Reporter: Ahmad Ghifari | Editor: Tendi Mahadi
KONTAN.CO.ID - JAKARTA. Polres Metro Jakarta Utara dengan dibantu dengan Polresta Barelang telah berhasil menangkap tersangka DPO yaitu Direktur Utama dan Wakil Direktur Utama PT Barracuda Fintech Indonesia di daerah Batam tepatnya di Batam Centre, pelabuhan yang digunakan untuk menyebrang ke Singapura.
Tersangka yang ditangkap berinisial TD warga negara China berjenis kelamin laki-laki yang berperan sebagai Wakil Direktur Utama PT Barracuda Fintech Indonesia, kemudian tersangka OL warga negara China berjenis kelamin perempuan sebagai Direktur Utama PT Barracuda Fintech Indonesia.

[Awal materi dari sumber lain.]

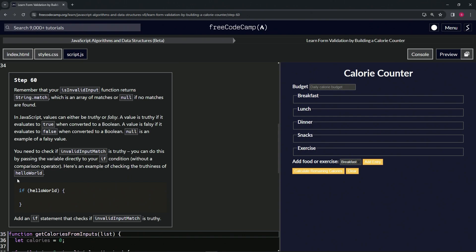If we say if hello world, and it'll return if hello world is true, it'll return whatever's in here. If hello world is something like false or null or zero or empty string, it'll be false.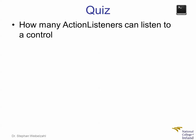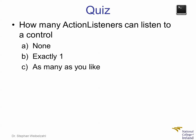If you've listened closely and followed the example in NetBeans, then you may actually be able to answer this more advanced question: How many action listeners can listen to a control? None? Exactly one? Or as many as you like?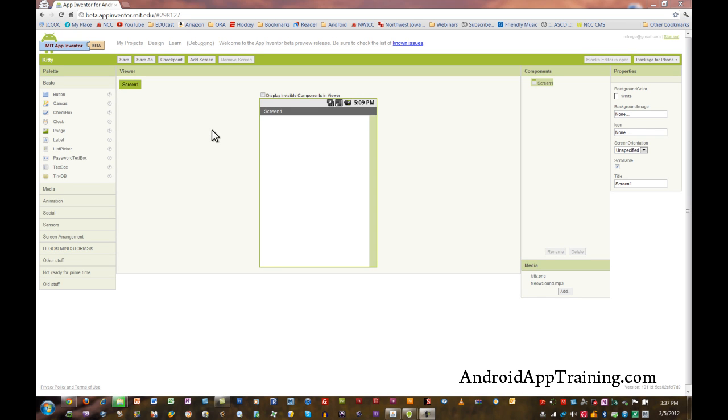In this video I'm going to show you a piece of software called App Inventor. What App Inventor does is level the playing field by allowing anyone to create their own Android mobile apps. You don't need to know any computer programming, you don't need to write any code, and as a matter of fact for most apps you don't even need an Android phone to create apps using App Inventor.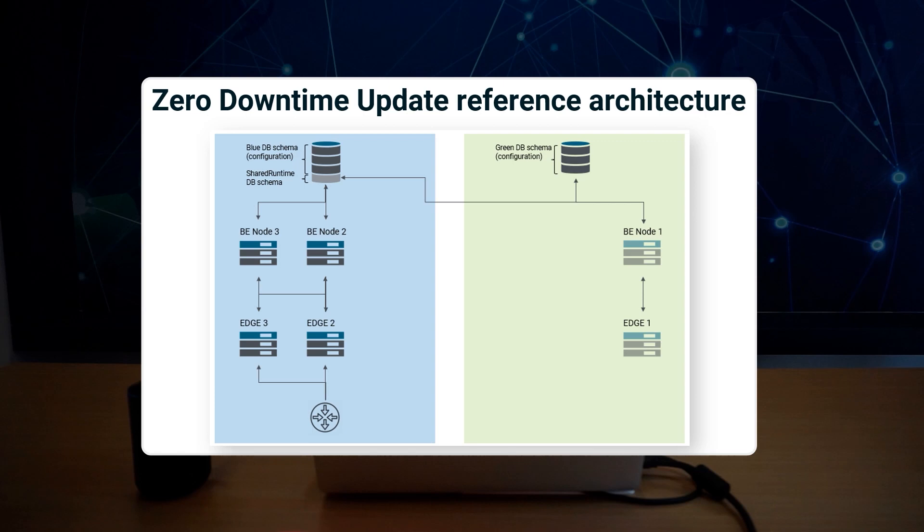For example purposes, we use the following enterprise cluster setup. We have three backend servers and three edges, and we also have a shared database and a shared file system. The cluster formed from the updated blue instances is referred to as green. You can see our administrator guide for detailed information and execution steps.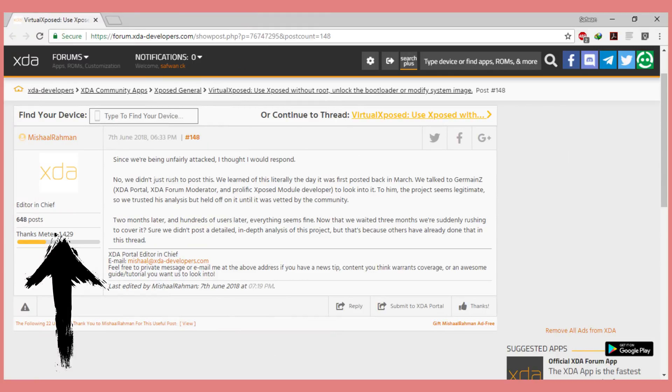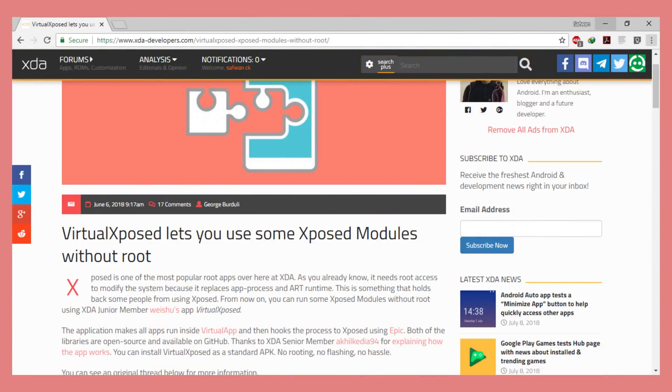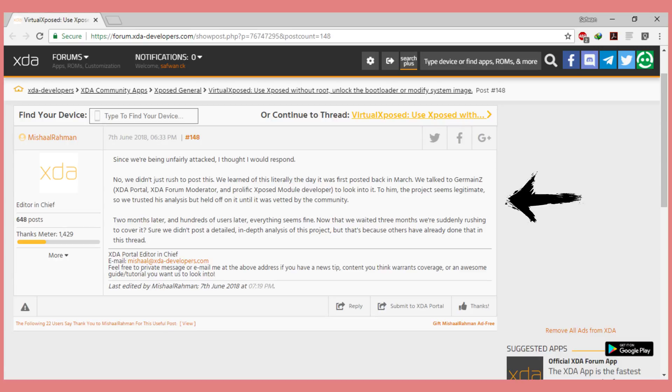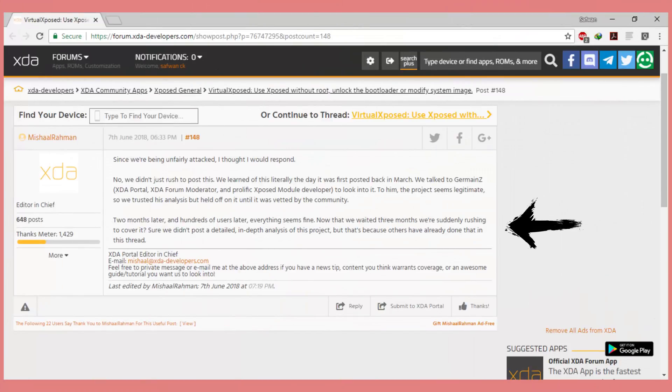Virtual Xposed is completely safe to install. XDA's interim chief, Michael Raman, posted on the XDA forum that they did not rush into posting about Virtual Xposed — they did their own analysis, got a green flag from developers and the XDA portal forum moderator, and Xposed module developers confirmed the project looks legitimate. They also checked community feedback, and all community members who tested Virtual Xposed found it safe. So Virtual Xposed is completely safe with no real security issues.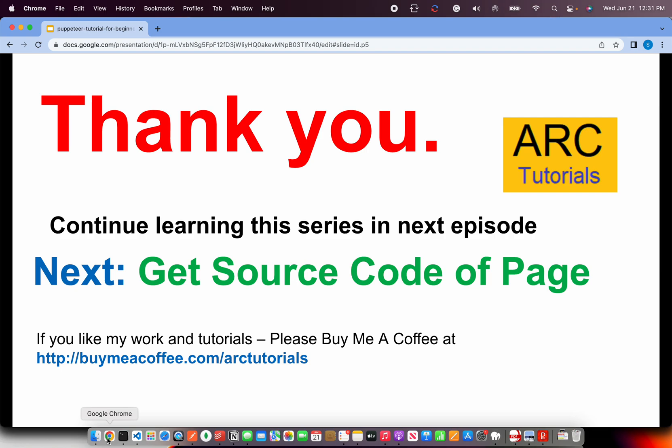Join me in the next episode when I show you how to get the source code of any web page. I hope you're learning, I hope you're enjoying the series. If you are enjoying, please do let me know in the comment section or if you have any feedback for me. Thank you so much for supporting my channel. See you in the next episode.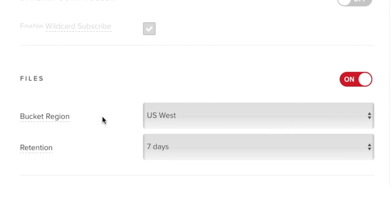In the Bucket Region setting, choose from the drop-down list the region you would like to save the files to.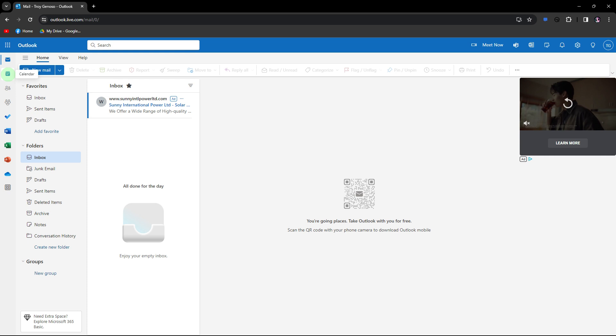So first, launch the Outlook application on your PC or on your preferred browser. Then go to the calendar view.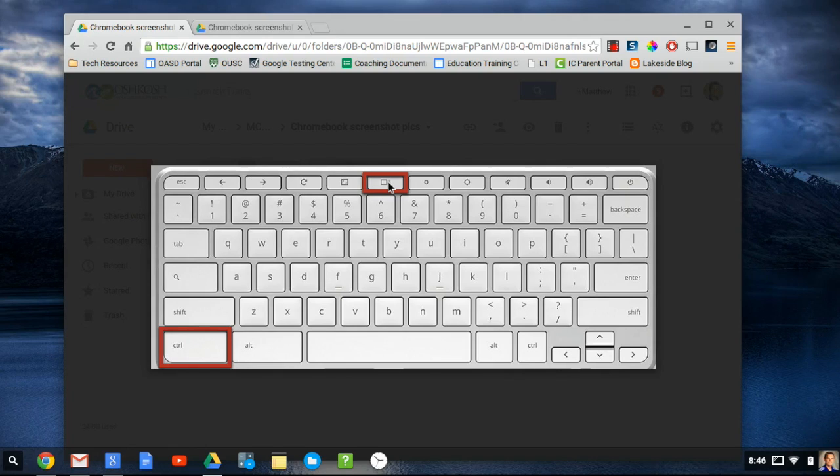To take a screenshot of the entire screen, hold down the Control and Overview Mode key, which is located on the top row of the keyboard and is highlighted with the red rectangles in this video.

Baca Juga: Polisi: Vega Data dan Barracuda Fintech sudah pinjamkan Rp 82 M ke ribuan nasabah
Dalam hal ini, Kapolres Metro Jakarta Utara Kombes Budhi Herdi Susianto mengatakan Polres Metro Jakarta Utara telah mendapatkan data nasabah PT Barracuda maupun PT Vega Data, sebanyak 500 ribu nasabah yang terafiliasi dengan beberapa aplikasi yang beberapa sudah dilakukan penutupan.
Adapun aplikasi saat dilakukan penggerebekan yang masih aktif, telah dilakukan penyedotan data dari Kascash dan Tokotunai. Dimana dari Tokotunai jumlah pinjaman yang disalurkan mencapai Rp 70 miliar. Adapun return atau pengembalian yang diterima sudah mencapai Rp 78 miliar.
Sedangkan untuk uang administrasi yang telah mereka potong kepada para nasabah di awal saat melakukan pinjaman itu kurang lebih mencapai Rp 25 miliar untuk satu aplikasi.
"Jadi untuk aplikasi Tokotunai ada Rp 20 miliar, Rp 25 miliar, dan Rp 8 miliar, Rp 33 miliar. Sedangkan untuk aplikasi Kascash mereka telah mendapatkan pengembalian Rp 13 miliar, artinya telah ada keuntungan juga Rp 1 miliar ditambah administrasi yang mereka potong mencapai Rp 5 miliar," kata Budhi dalam press conference di Polres Metro Jakarta Utara, Jumat (27/12).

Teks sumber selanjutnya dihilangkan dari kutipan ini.